The exhibition will begin on April 23 and continue through May 22, 2009. Regular gallery hours are 10 a.m. to 4 p.m. Monday through Friday. There will be an artist’s reception at the gallery from 6 to 8 p.m. on Thursday, April 30, 2009. The reception is open to the public.
BONITA HELMER. For nearly three decades Helmer has engaged in existential/theosophical abstract painting. Her large gestural fields of galaxy like roiling spheres hope to invoke both spiritual and practical human questions-- the expanse of consciousness, the range of deep space, our relationship to our cosmos, our planet and by extension to each other. Helmer believes that art can still engage in collective meaning-making and offer us a way to comprehend who and what we are. Helmer uses abstract form as a kind of a ritual action and ritual space to investigate the unity of human consciousness and the human condition. Helmer received a BA in Painting from Antioch University with additional studies at Otis Art Institute and mentorship with Francoise Gilot. She has exhibited her work in galleries, museums and public spaces internationally and is in numerous prominent collections. She has received grants for teaching from the California Arts Council, City of Los Angeles, and the Getty Foundation. Her work has been reviewed in ArtScene, Art in America and The Los Angeles Times. Helmer is currently an instructor at Otis College of Art and Design, Los Angeles. Her work is represented by George Billis Gallery, Los Angeles, CA.

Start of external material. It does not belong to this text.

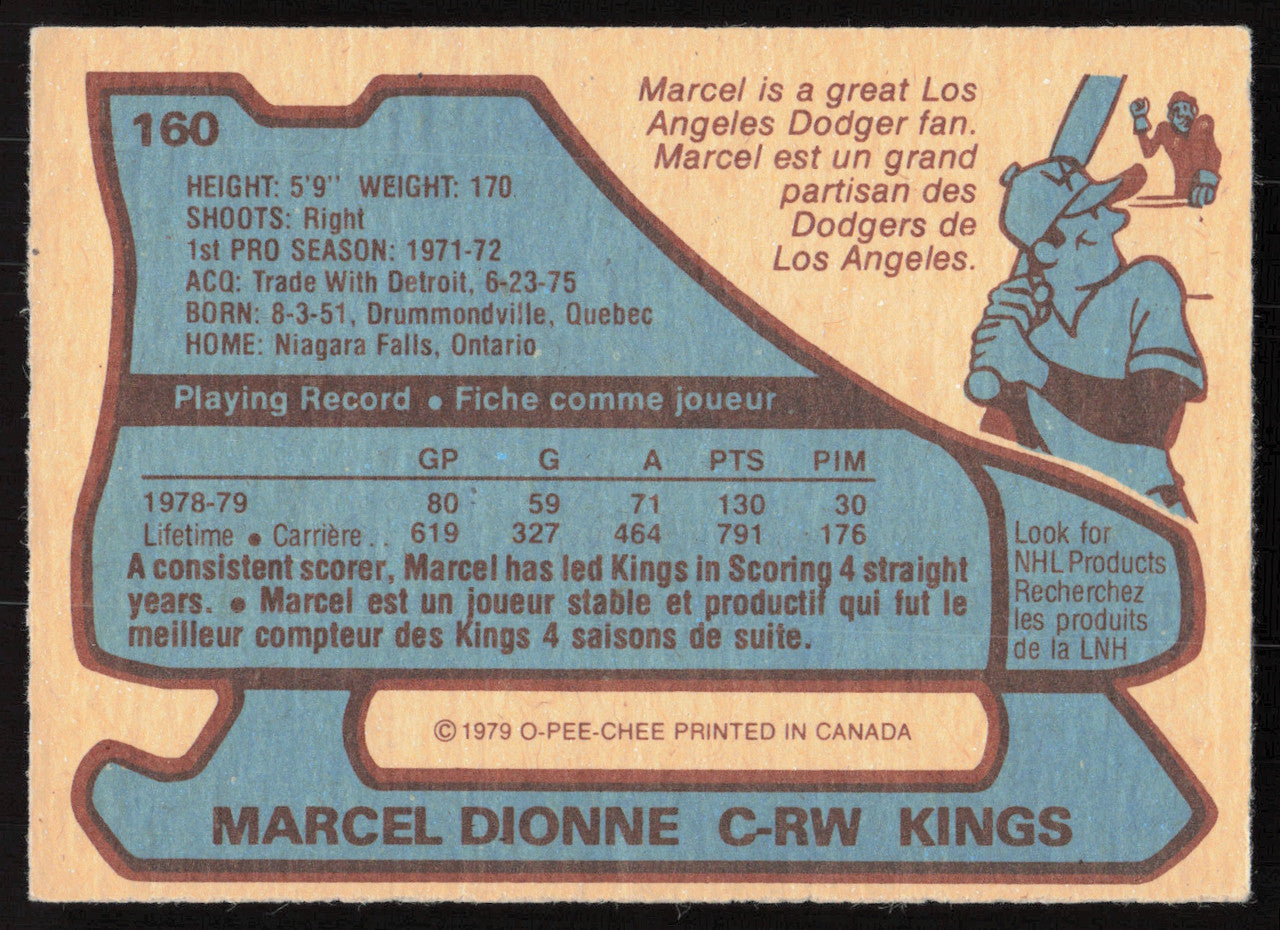 Marcel Dionne Autographed 1979-80 O-Pee-Chee Card #160 Los Angeles Kings SKU #258872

RUTH PASTINE creates minimal oil paintings that are investigations of the perceptual experience of color and light. What seem to be shadows on monochromatic, minimalist works are actually faint under lays of color. Pastine builds up delicate, luminous breaths of color in her work. Although the paintings appear as a smooth seamless skin, and the hand is virtually undetected, the paintings are rigorously painted with a brush, composed of numerous layers and hundreds of daubs of paint. The muted colors can appear dull and even a bit muddy at first glance, as if a mysterious presence is emerging through a fog. Ruth Pastine received her MFA from Hunter College, New York. Her work is exhibited and collected internationally. Her paintings have been reviewed in the New York Times, New York Magazine and Artforum. Originally from New York, Pastine lives and maintains a studio in Ojai, CA.
Continued on next page
JACK REILLY is one of the foremost American painters working in shaped canvas. During the past three decades, Reilly has maintained an affinity for purity and simplicity in painting, albeit shrouded in complex visual systems and laborious technique. Reilly’s current paintings consist of densly-polychromed abstract surfaces and rich textures, organized in linear and mathematical configurations that echo the geometric shape of the canvas. Reilly’s paintings have been described as poetic objects of contemplation, arrived upon through exploration into the sensuality of color, luster, texture and the dynamic power of line and structure. Reilly’s received an MFA from Florida State University and is currently Professor of Art at California State University Channel Islands. Reilly’s work is exhibited internationally in galleries and museums and included in numerous public and private collections. He is a recipient of a National Endowment for the Arts grant. His work is reviewed in Artweek, The Los Angeles Times, Arts Magazine, Los Angeles Magazine and in books including American Art Now and Inside the L.A. Artist.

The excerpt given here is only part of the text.